From first line to last, copy the listing exactly and omit its pictures.

- Provided material -
=== Begin Enclosure ===

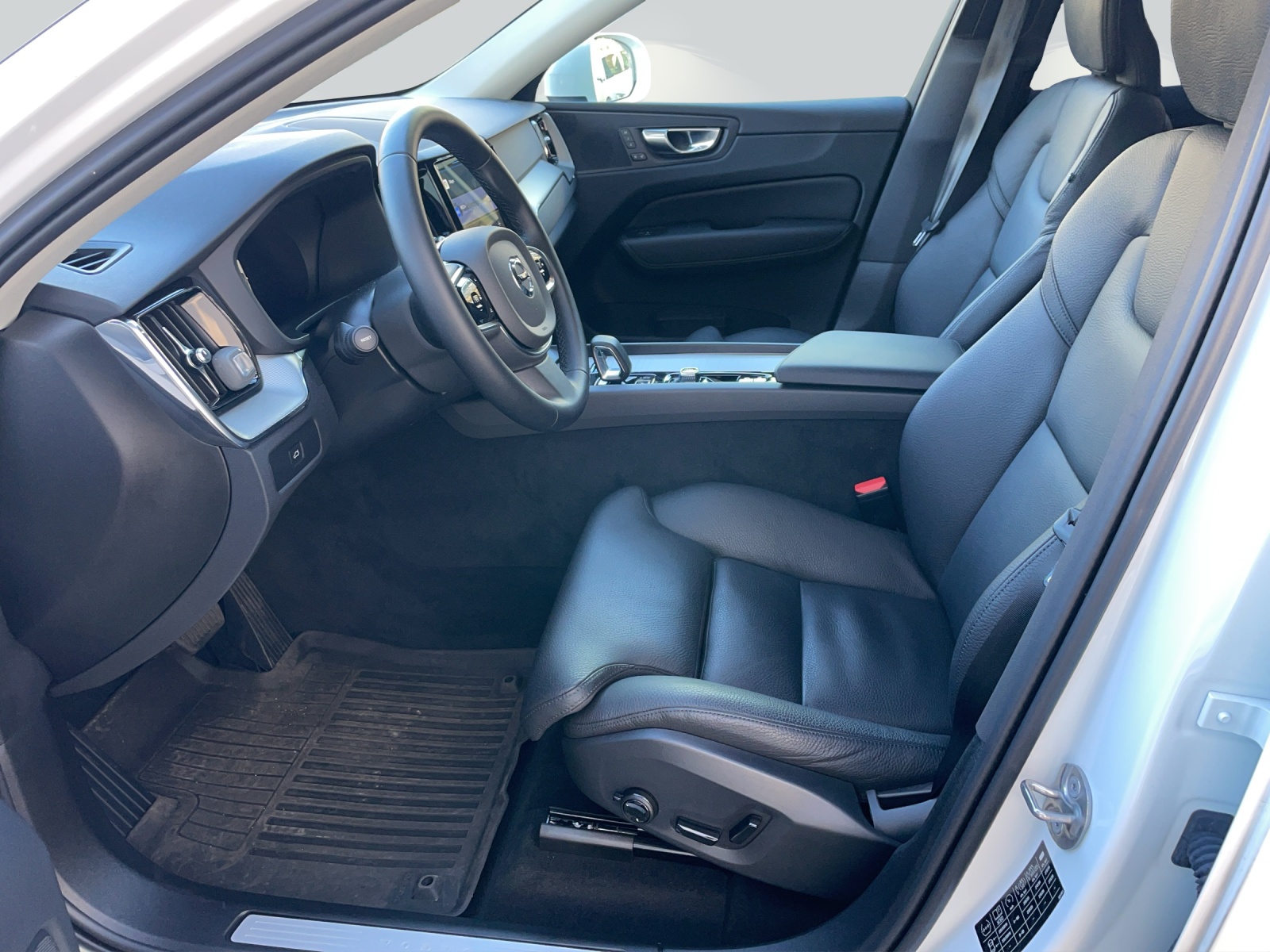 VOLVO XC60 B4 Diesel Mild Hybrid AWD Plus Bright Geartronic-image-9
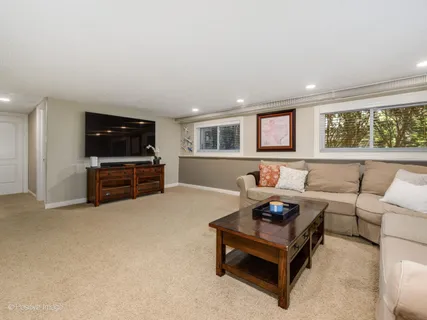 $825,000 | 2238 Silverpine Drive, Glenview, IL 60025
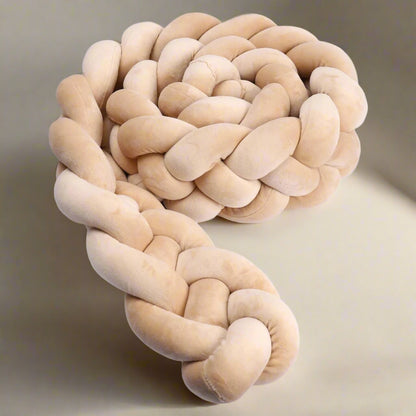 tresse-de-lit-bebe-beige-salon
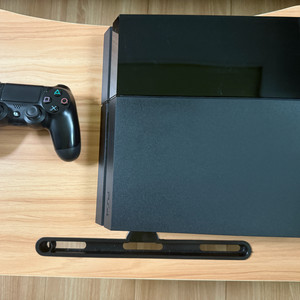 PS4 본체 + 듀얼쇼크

=== End Enclosure ===

- Solution to the exercise -
 VOLVO XC60 B4 Diesel Mild Hybrid AWD Plus Bright Geartronic-image-9
 $825,000 | 2238 Silverpine Drive, Glenview, IL 60025
 tresse-de-lit-bebe-beige-salon
 PS4 본체 + 듀얼쇼크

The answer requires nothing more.